══ Data supplied ══
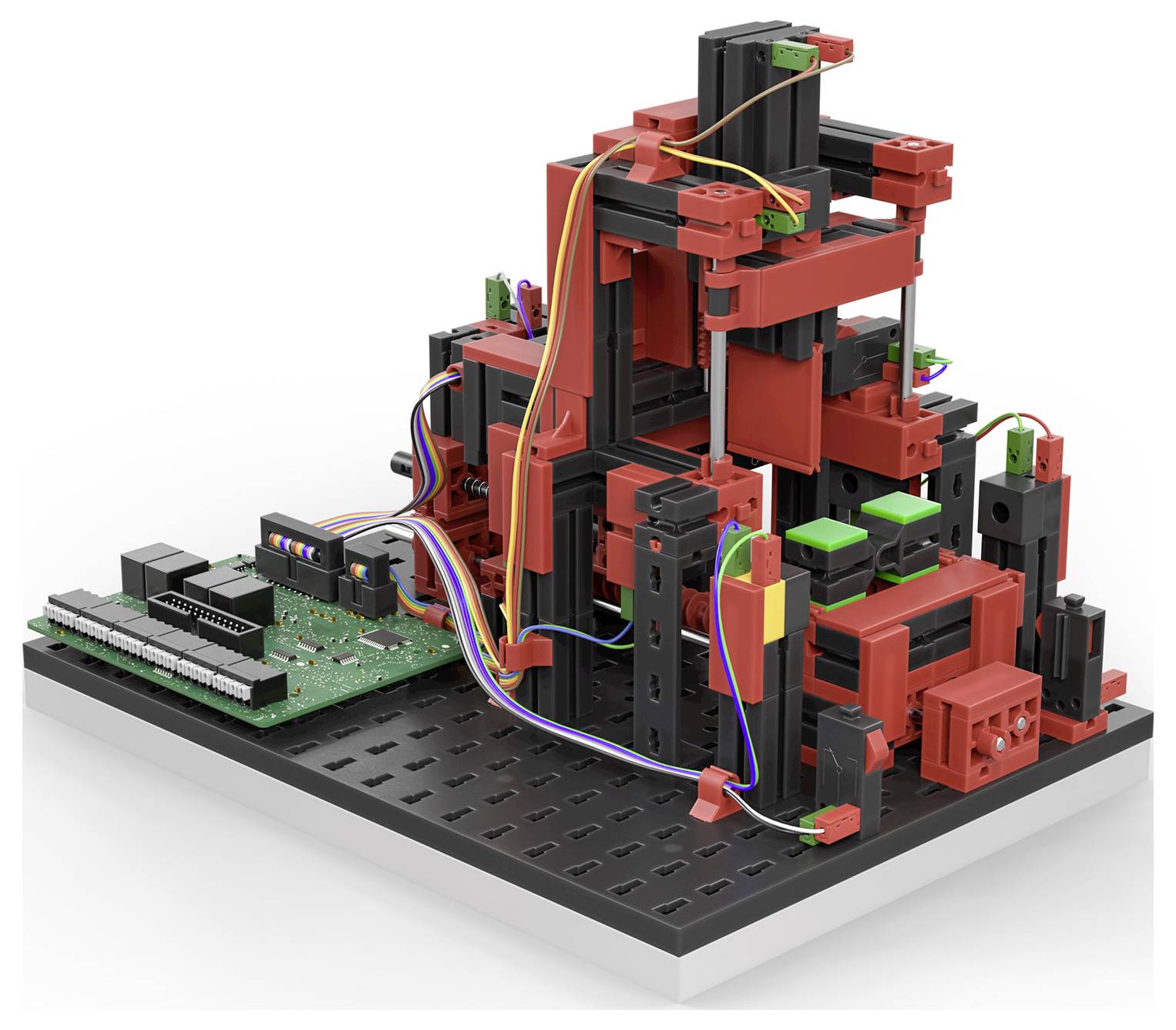 Een bouwplatform met rode en zwarte bouwstenen die een structuur vormen rond een groene printplaat met meerdere kabelverbindingen.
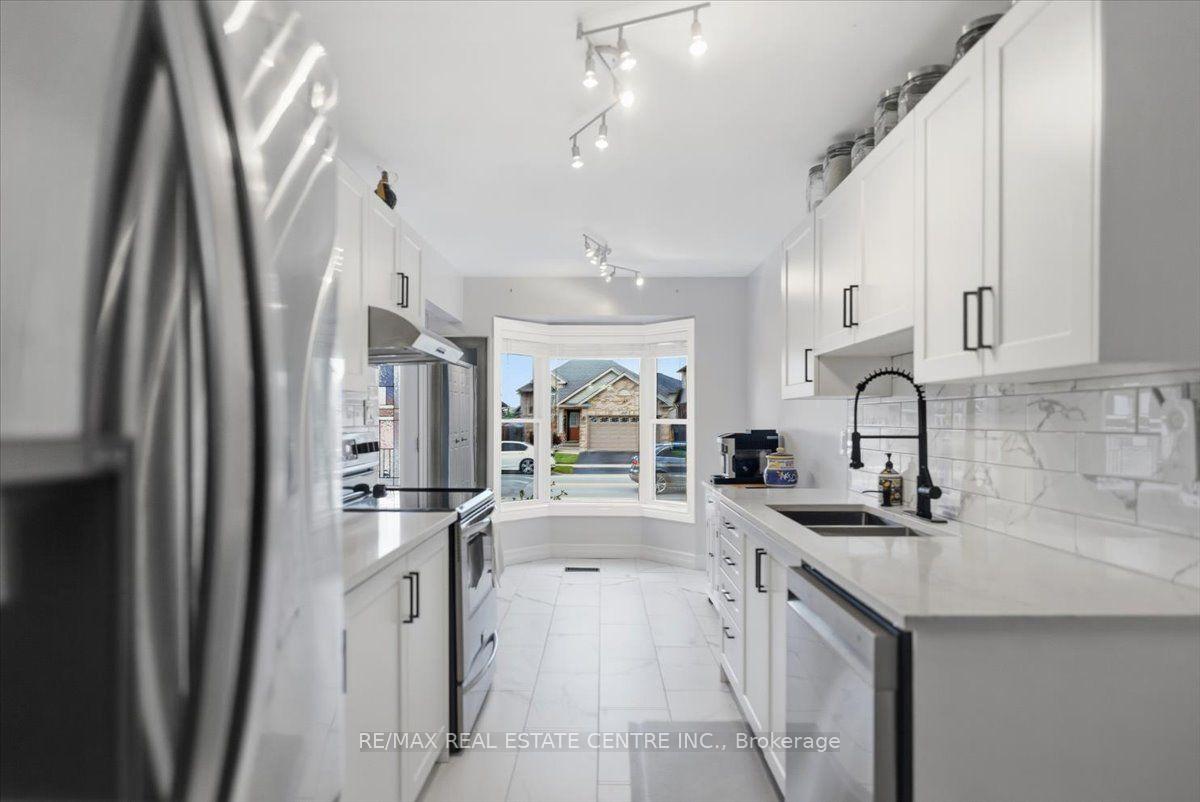 Photo 6 of 4804 John Street, Lincoln, Beamsville — HOMEH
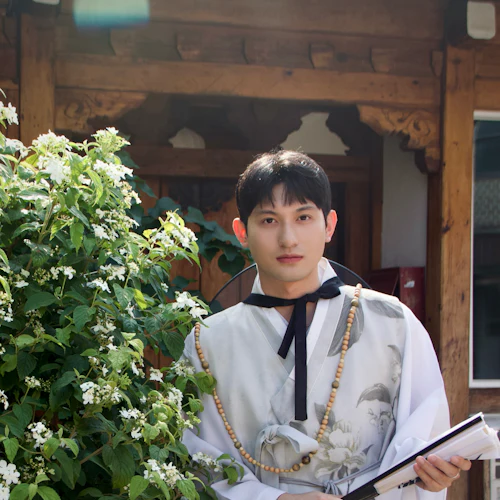 Gyeongbokgung Palace, Bukchon Hanok Village & Changdeokgung Palace: Premium Hanbok Set + Korean Hairstyle - Photo 11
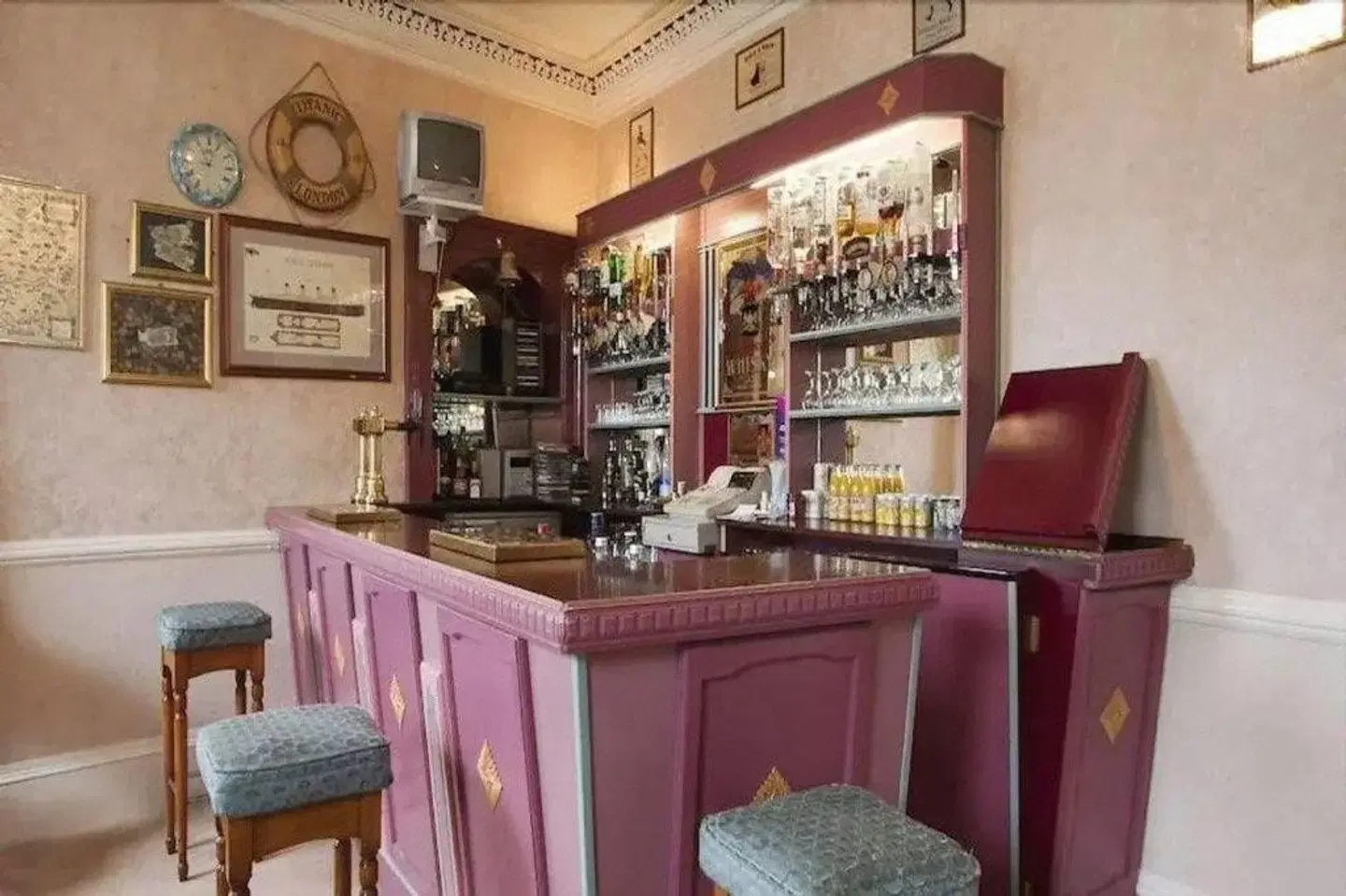 Waverley Hotel Bar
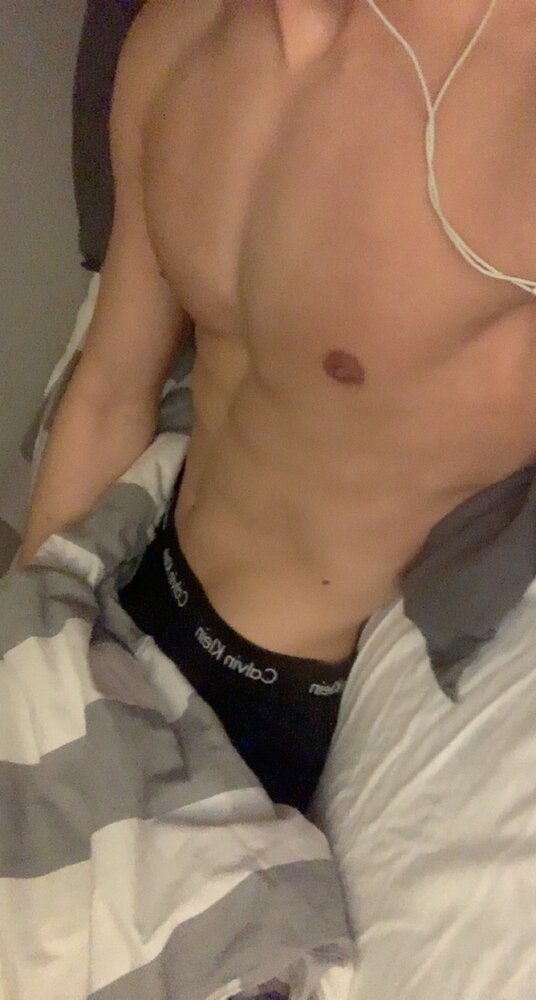 D3E09624 AB55 4BC0 AD92 B33AF3887022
═══
Beginning with the line containing "Waverley Hotel Bar" and ending with the last line of the material, output each line exactly; do not include pictures.

 Waverley Hotel Bar
 D3E09624 AB55 4BC0 AD92 B33AF3887022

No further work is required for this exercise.